**Provided entries**
=-=-=-=-=
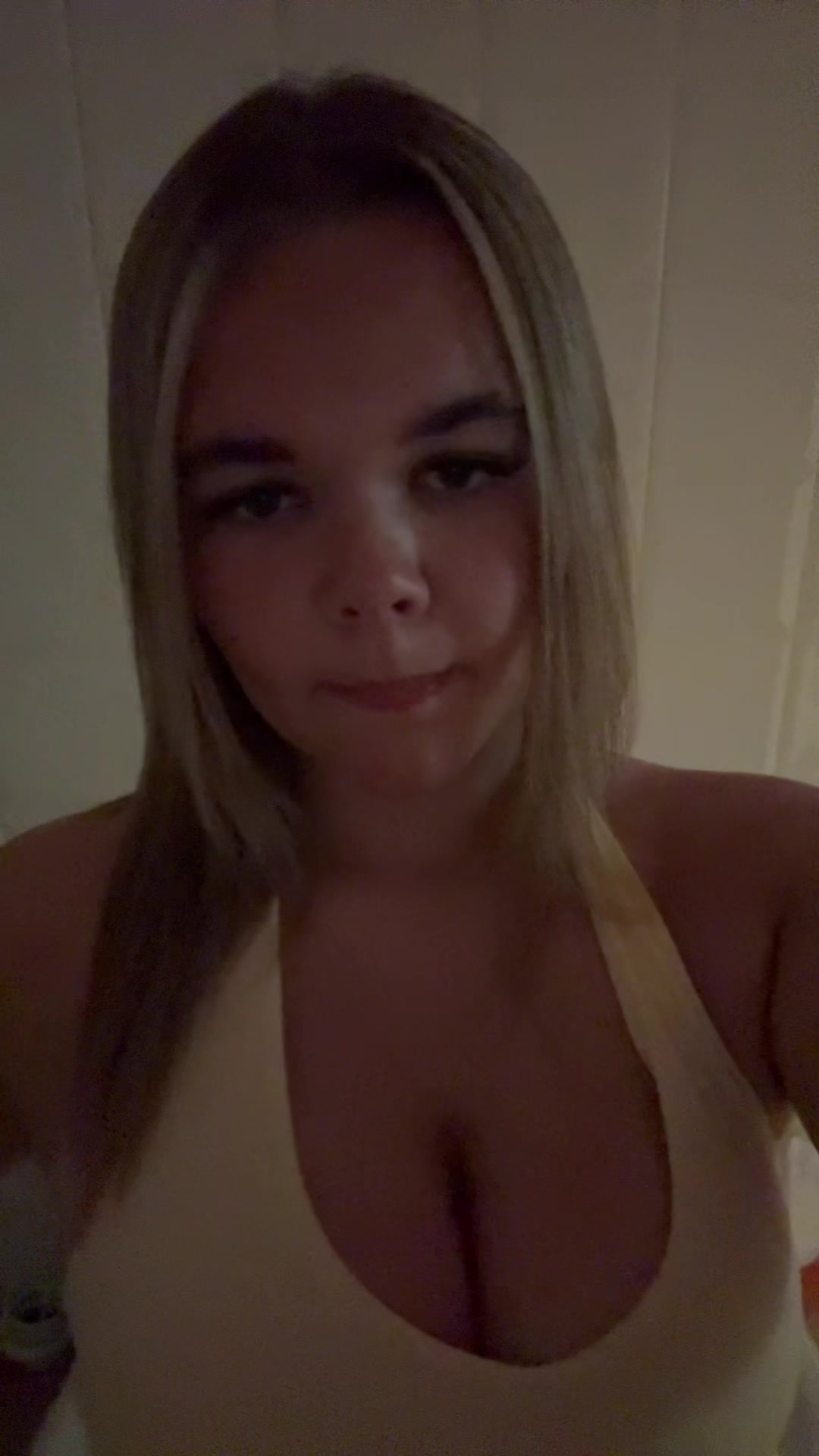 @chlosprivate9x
=-=-=-=-=
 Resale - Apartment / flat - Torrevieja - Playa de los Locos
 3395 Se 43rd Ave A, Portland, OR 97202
=-=-=-=-=
**Task description**
Transcribe the records above from the line holding "Resale - Apartment" down to the line holding "3395 Se 43rd Ave A, Portland, OR 97202", inclusive, without adding anything.

**Reply**
 Resale - Apartment / flat - Torrevieja - Playa de los Locos
 3395 Se 43rd Ave A, Portland, OR 97202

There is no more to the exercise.